Yanagihara (The People in the Trees, 2013) takes the still-bold leap of writing about characters who don’t share her background; in addition to being male, JB is African-American, Malcolm has a black father and white mother, Willem is white, and “Jude’s race was undetermined”—deserted at birth, he was raised in a monastery and had an unspeakably traumatic childhood that’s revealed slowly over the course of the book. Two of them are gay, one straight and one bisexual. There isn’t a single significant female character, and for a long novel, there isn’t much plot. There aren’t even many markers of what’s happening in the outside world; Jude moves to a loft in SoHo as a young man, but we don’t see the neighborhood change from gritty artists’ enclave to glitzy tourist destination.

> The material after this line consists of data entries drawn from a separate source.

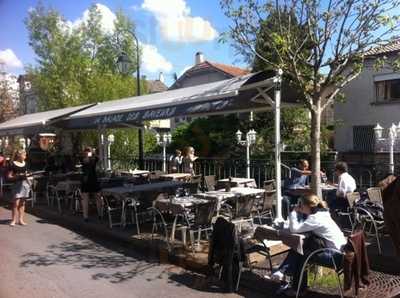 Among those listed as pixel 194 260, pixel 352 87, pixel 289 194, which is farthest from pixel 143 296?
pixel 352 87

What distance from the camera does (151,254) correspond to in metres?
8.04

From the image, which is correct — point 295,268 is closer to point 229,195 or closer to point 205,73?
point 229,195

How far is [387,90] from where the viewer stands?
87.0 ft

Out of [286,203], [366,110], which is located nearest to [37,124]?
[286,203]

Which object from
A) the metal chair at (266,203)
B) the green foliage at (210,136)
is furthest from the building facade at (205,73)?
the metal chair at (266,203)

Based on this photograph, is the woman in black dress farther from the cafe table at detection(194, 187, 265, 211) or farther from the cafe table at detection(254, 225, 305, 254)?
the cafe table at detection(254, 225, 305, 254)

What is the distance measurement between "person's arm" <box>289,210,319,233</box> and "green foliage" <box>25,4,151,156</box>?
69.1 feet

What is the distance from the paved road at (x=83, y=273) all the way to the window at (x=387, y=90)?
70.3 ft

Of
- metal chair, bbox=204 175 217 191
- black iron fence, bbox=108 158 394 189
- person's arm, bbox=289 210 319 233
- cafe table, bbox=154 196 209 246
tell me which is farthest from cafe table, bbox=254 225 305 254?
black iron fence, bbox=108 158 394 189

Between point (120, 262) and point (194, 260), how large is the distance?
4.17 ft

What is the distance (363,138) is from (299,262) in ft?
77.5

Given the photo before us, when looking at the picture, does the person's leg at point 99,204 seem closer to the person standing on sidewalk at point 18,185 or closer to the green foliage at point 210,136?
the person standing on sidewalk at point 18,185

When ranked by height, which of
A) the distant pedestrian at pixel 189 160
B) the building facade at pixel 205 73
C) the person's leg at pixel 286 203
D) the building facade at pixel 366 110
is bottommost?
the person's leg at pixel 286 203

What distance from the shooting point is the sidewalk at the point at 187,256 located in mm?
5898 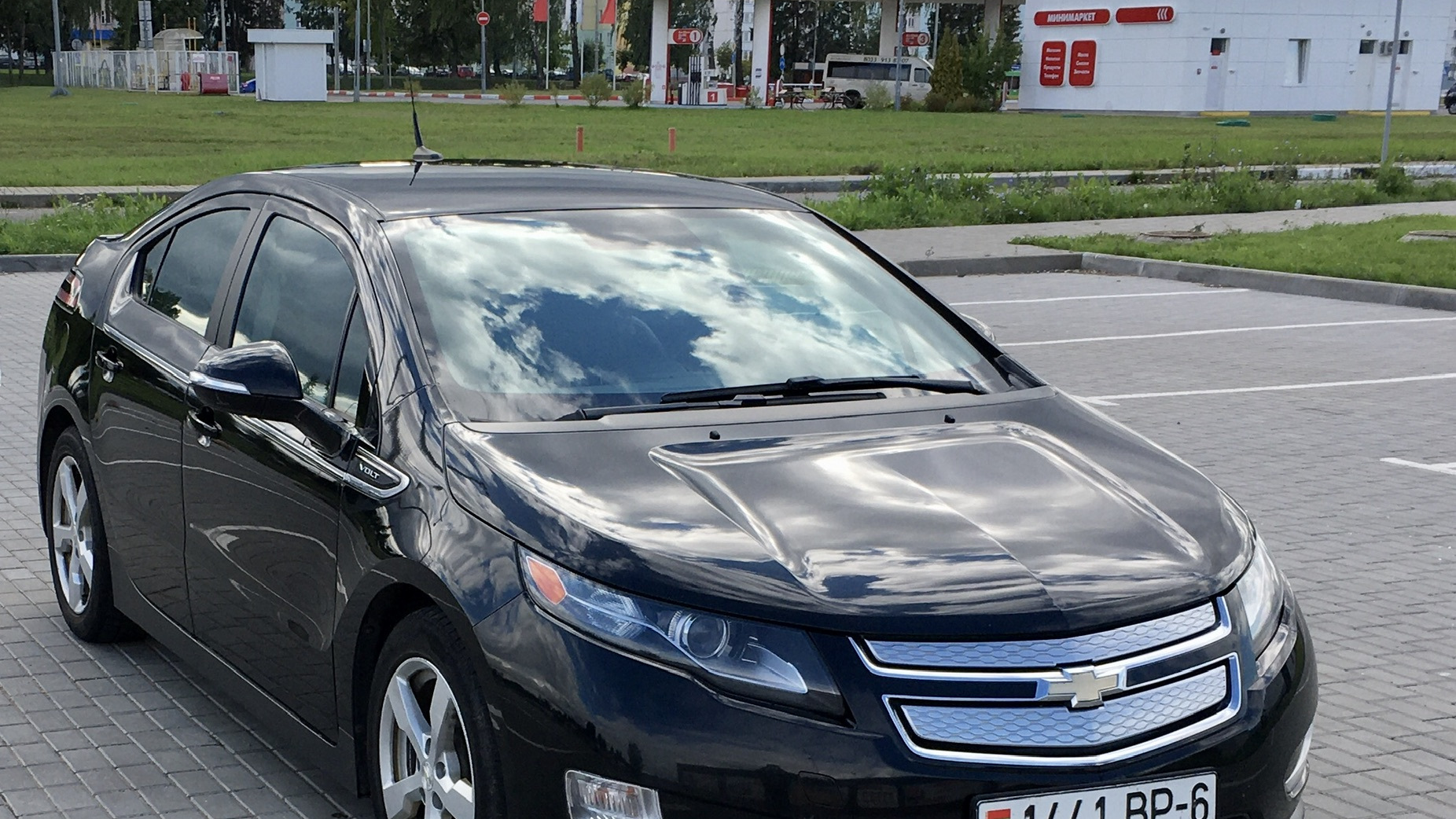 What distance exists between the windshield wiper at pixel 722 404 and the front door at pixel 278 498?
567mm

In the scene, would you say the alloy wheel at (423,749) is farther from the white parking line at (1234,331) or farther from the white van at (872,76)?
the white van at (872,76)

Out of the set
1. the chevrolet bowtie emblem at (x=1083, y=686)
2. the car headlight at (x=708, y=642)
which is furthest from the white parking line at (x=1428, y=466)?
the car headlight at (x=708, y=642)

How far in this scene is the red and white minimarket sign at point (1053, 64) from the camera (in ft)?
230

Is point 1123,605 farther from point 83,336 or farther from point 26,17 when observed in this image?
point 26,17

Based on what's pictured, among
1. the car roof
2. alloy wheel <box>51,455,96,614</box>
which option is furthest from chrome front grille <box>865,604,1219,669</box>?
alloy wheel <box>51,455,96,614</box>

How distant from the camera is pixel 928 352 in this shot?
4.27m

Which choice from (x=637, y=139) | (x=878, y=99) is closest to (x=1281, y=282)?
(x=637, y=139)

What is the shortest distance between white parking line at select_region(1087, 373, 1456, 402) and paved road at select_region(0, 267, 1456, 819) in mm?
32

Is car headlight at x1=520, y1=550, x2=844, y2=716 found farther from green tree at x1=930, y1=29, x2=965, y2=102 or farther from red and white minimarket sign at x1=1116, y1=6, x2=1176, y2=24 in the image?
green tree at x1=930, y1=29, x2=965, y2=102

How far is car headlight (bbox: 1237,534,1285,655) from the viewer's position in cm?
321

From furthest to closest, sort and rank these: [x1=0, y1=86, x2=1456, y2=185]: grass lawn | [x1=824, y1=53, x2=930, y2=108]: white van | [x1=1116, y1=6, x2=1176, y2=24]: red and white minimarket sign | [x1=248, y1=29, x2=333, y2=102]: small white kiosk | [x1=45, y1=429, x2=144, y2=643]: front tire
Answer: [x1=824, y1=53, x2=930, y2=108]: white van, [x1=248, y1=29, x2=333, y2=102]: small white kiosk, [x1=1116, y1=6, x2=1176, y2=24]: red and white minimarket sign, [x1=0, y1=86, x2=1456, y2=185]: grass lawn, [x1=45, y1=429, x2=144, y2=643]: front tire

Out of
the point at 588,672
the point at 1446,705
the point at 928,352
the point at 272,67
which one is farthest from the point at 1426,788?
the point at 272,67

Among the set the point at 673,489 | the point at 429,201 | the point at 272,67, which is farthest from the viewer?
the point at 272,67

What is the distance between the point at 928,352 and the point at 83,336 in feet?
9.02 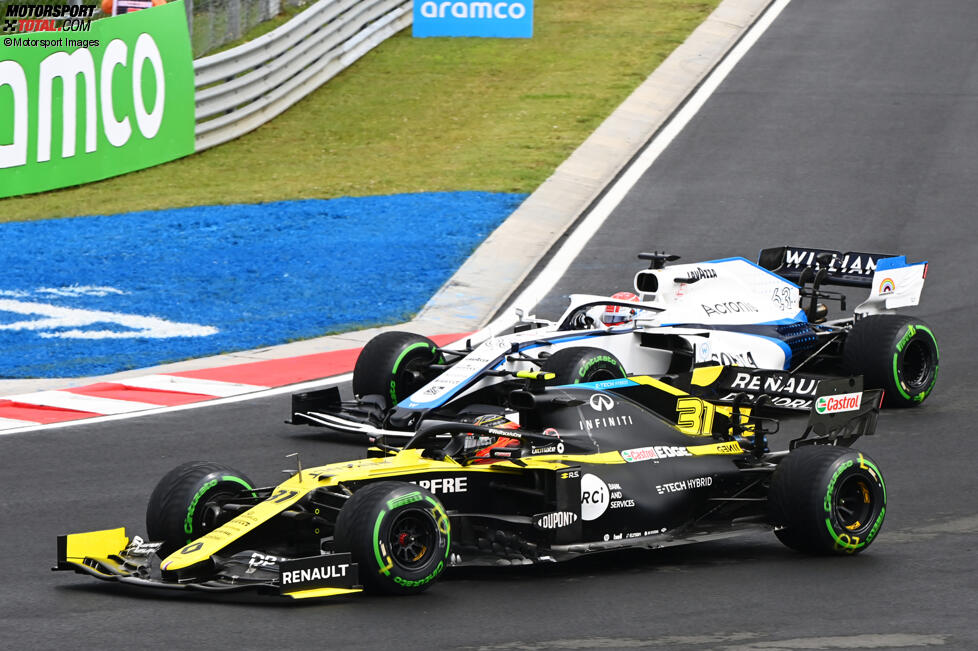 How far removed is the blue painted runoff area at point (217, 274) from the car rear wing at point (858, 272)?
507 cm

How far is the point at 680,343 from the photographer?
51.8ft

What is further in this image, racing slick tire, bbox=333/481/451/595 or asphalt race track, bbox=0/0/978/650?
racing slick tire, bbox=333/481/451/595

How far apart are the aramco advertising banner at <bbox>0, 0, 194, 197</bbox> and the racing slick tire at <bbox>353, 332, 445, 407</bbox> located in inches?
442

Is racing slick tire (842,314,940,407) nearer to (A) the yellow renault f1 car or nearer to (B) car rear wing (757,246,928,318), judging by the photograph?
(B) car rear wing (757,246,928,318)

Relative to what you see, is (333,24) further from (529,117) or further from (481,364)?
(481,364)

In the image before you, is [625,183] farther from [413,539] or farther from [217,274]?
[413,539]

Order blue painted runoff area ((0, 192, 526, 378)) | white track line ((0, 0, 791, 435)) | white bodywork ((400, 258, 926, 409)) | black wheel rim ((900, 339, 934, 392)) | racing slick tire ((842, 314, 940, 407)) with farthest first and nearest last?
blue painted runoff area ((0, 192, 526, 378)) → white track line ((0, 0, 791, 435)) → black wheel rim ((900, 339, 934, 392)) → racing slick tire ((842, 314, 940, 407)) → white bodywork ((400, 258, 926, 409))

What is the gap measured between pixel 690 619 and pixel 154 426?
7.72 metres

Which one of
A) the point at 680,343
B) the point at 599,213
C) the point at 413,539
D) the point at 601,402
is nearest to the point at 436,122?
the point at 599,213

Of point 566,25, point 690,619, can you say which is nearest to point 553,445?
point 690,619

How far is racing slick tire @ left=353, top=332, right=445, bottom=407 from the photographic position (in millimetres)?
15812

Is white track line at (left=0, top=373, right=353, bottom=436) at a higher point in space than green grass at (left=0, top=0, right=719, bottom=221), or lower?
lower

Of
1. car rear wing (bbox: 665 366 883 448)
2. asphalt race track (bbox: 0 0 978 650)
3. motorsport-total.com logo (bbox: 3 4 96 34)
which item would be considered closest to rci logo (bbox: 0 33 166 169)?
motorsport-total.com logo (bbox: 3 4 96 34)

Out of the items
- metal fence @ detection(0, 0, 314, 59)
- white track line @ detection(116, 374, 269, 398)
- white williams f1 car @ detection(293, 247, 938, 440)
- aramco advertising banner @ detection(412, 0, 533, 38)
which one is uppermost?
aramco advertising banner @ detection(412, 0, 533, 38) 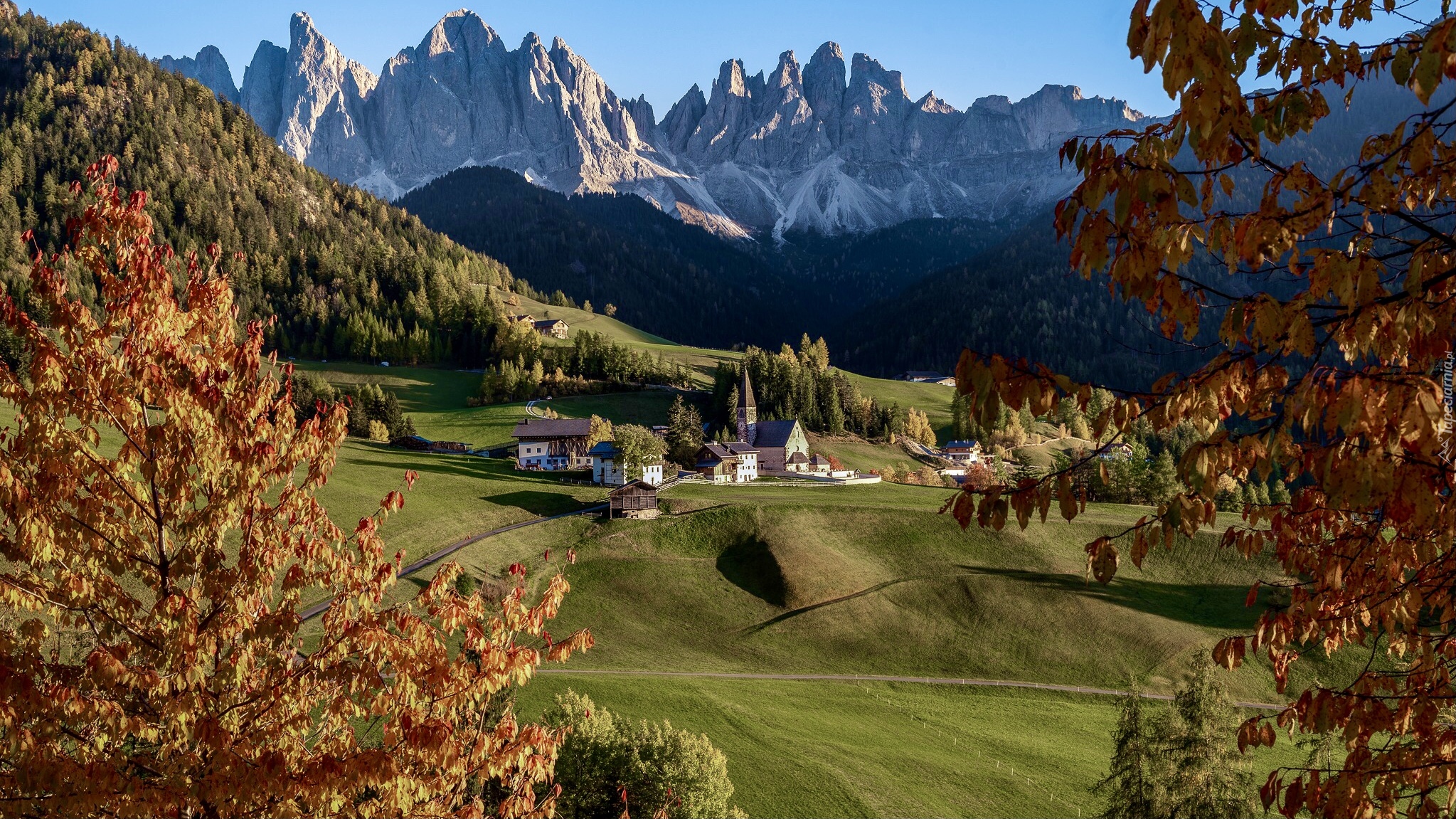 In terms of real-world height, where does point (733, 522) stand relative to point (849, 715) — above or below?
above

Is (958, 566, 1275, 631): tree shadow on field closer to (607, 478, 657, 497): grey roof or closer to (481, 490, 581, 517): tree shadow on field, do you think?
(607, 478, 657, 497): grey roof

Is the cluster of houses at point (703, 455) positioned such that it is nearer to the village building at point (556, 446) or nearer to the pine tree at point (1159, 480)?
the village building at point (556, 446)

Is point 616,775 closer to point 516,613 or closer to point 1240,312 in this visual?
point 516,613

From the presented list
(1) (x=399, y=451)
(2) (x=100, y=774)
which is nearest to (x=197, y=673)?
(2) (x=100, y=774)

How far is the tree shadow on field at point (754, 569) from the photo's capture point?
6975cm

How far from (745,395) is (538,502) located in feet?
161

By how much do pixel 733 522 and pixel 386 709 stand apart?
69548mm

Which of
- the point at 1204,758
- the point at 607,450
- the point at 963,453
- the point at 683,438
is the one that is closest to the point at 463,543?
the point at 607,450

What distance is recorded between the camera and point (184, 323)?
409 inches

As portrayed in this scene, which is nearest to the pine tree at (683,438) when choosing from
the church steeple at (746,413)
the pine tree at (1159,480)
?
the church steeple at (746,413)

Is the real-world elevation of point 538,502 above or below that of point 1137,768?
below

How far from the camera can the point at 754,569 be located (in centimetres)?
7312

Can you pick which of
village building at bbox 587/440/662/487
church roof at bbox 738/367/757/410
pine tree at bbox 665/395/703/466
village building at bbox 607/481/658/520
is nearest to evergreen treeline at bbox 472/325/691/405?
church roof at bbox 738/367/757/410

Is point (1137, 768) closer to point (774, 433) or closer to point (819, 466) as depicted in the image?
point (819, 466) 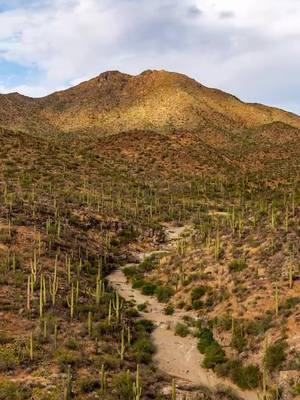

What we get instead is an intensely interior look at the friends’ psyches and relationships, and it’s utterly enthralling. The four men think about work and creativity and success and failure; they cook for each other, compete with each other and jostle for each other’s affection. JB bases his entire artistic career on painting portraits of his friends, while Malcolm takes care of them by designing their apartments and houses. When Jude, as an adult, is adopted by his favorite Harvard law professor, his friends join him for Thanksgiving in Cambridge every year. And when Willem becomes a movie star, they all bask in his glow. Eventually, the tone darkens and the story narrows to focus on Jude as the pain of his past cuts deep into his carefully constructed life.  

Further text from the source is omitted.